All pictures are to be dropped, and everything else in the data duplicated exactly.

▶ **Dataset content**
::::::::

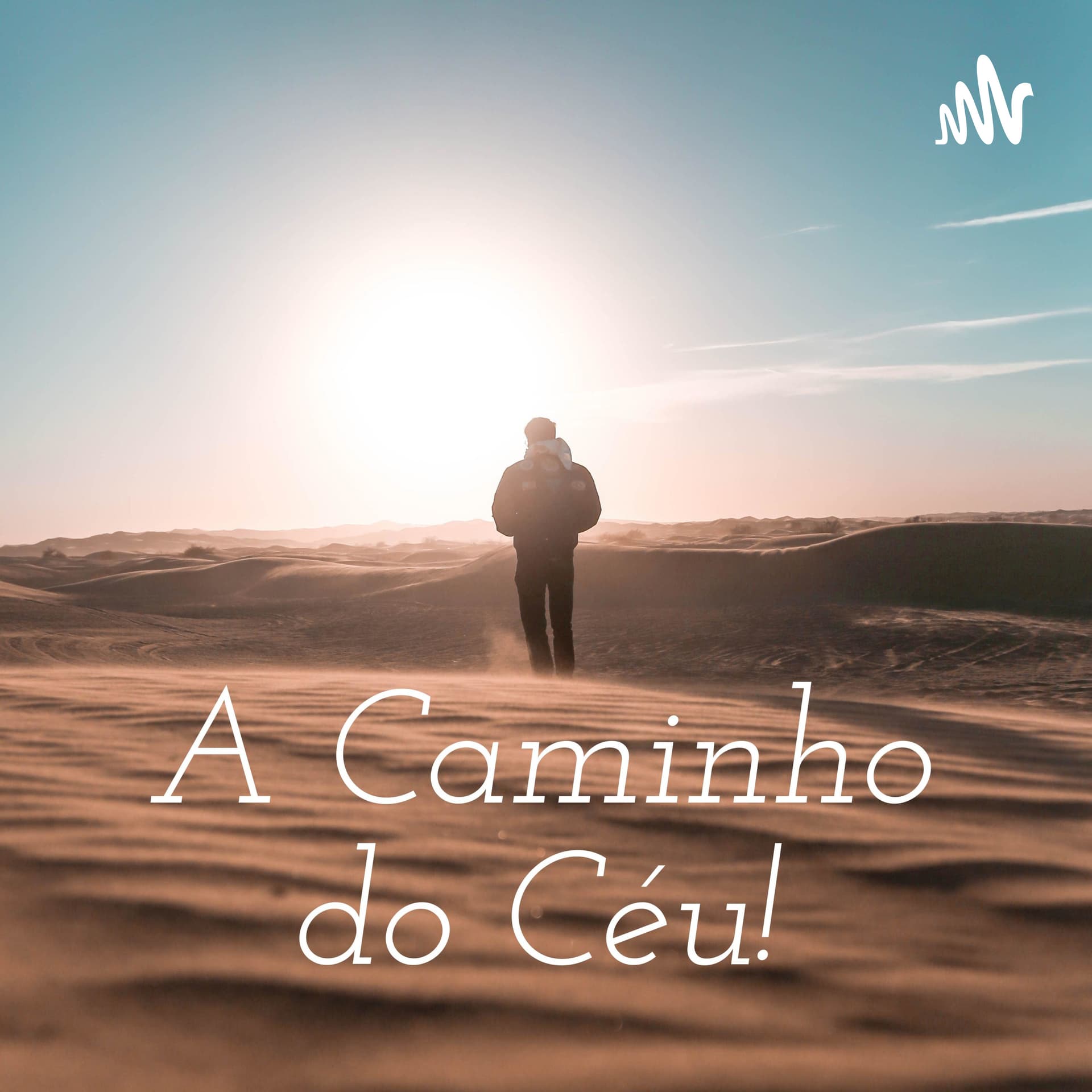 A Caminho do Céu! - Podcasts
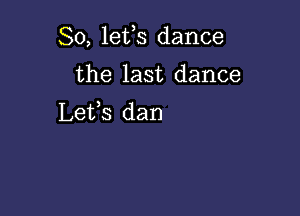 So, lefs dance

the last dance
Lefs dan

::::::::

▶ **Result of this task**
 A Caminho do Céu! - Podcasts
 So, lefs dance

the last dance
Lefs dan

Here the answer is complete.